1.3 Eiser heeft daartegen bij brief van 31 juli 2006, ontvangen bij de rechtbank op 1 augustus 2006, beroep ingesteld.
1.4 Verweerder heeft de op de zaak betrekking hebbende stukken overgelegd en ver-weerschriften ingediend.
1.5 Het onderzoek ter zitting heeft plaatsgevonden op 20 september 2007 te 's-Gravenhage. Eiser is daar in persoon verschenen, bijgestaan door [gemachtigde]. Namens verweerder is [gemachtigde] verschenen.
2. Feiten
Op grond van de stukken van het geding en het verhandelde ter zitting staat het volgende vast:
2.1 Eiser exploiteerde een taxionderneming in de vorm van een eenmanszaak. Bij eiser waren gedurende de jaren 2000 tot en met 2003 drie of vier chauffeurs in loondienst.
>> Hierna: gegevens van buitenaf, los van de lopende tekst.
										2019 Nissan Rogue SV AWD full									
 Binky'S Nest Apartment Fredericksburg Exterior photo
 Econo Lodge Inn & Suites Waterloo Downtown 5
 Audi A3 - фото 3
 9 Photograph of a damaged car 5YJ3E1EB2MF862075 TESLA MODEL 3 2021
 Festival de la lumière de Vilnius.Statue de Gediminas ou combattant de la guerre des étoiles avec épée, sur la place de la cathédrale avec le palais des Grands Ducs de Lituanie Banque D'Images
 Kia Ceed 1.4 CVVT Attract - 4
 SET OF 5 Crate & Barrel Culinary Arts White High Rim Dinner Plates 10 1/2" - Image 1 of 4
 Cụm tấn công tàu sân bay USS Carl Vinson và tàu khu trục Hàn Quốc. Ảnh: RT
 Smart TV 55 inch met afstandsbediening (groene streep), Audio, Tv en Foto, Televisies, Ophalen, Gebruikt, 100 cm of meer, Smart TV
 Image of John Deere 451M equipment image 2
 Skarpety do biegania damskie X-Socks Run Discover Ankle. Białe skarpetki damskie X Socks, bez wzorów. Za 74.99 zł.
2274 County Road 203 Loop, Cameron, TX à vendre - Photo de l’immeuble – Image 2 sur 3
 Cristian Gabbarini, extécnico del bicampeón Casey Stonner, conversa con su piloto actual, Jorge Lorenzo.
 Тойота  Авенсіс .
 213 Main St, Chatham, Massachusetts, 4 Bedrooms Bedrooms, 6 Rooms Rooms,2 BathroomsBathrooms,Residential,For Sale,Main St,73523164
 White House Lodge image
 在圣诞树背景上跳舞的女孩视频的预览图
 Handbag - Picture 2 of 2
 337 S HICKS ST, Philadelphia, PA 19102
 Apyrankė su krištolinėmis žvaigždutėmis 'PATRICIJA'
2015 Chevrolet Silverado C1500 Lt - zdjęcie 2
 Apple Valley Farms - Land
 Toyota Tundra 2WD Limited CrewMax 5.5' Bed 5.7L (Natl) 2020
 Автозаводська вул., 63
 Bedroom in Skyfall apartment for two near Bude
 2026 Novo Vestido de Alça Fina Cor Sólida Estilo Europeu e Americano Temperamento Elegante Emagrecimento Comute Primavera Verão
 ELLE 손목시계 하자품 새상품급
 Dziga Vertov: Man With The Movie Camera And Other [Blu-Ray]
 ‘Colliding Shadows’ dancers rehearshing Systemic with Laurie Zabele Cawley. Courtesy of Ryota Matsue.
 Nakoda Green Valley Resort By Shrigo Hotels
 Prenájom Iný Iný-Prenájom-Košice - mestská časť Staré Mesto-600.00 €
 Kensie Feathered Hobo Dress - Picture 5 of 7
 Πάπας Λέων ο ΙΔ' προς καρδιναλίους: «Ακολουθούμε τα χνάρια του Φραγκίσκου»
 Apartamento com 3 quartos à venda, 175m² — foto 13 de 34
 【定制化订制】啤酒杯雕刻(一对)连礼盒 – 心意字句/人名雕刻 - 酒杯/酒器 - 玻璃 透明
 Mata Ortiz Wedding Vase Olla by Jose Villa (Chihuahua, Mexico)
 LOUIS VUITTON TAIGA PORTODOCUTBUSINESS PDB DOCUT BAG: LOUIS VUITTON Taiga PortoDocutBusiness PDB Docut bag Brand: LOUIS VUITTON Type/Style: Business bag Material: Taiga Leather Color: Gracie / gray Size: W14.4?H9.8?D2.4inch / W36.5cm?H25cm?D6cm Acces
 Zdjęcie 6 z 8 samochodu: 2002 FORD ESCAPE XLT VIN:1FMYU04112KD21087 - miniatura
2.2 Op 13 januari 2005 is verweerder begonnen aan een boekenonderzoek bij eiser. Van dit onderzoek is op 10 augustus 2005 een rapport uitgebracht (hierna: het controlerapport). In het controlerapport is onder meer het volgende vermeld:
“2.3 Administratie
De dagelijkse administratie bestaat uit de rittenstaten die door belastingplichtige zelf (in de jaren t/m 2002) en de chauffeurs worden bijgehouden. (zie hierover meer in het hoofdstuk ontvangstverantwoording).
De staten worden ingeleverd bij de boekhouder, die ze samen met de uitgavenbonnen achteraf verwerkt in een kasadministratie.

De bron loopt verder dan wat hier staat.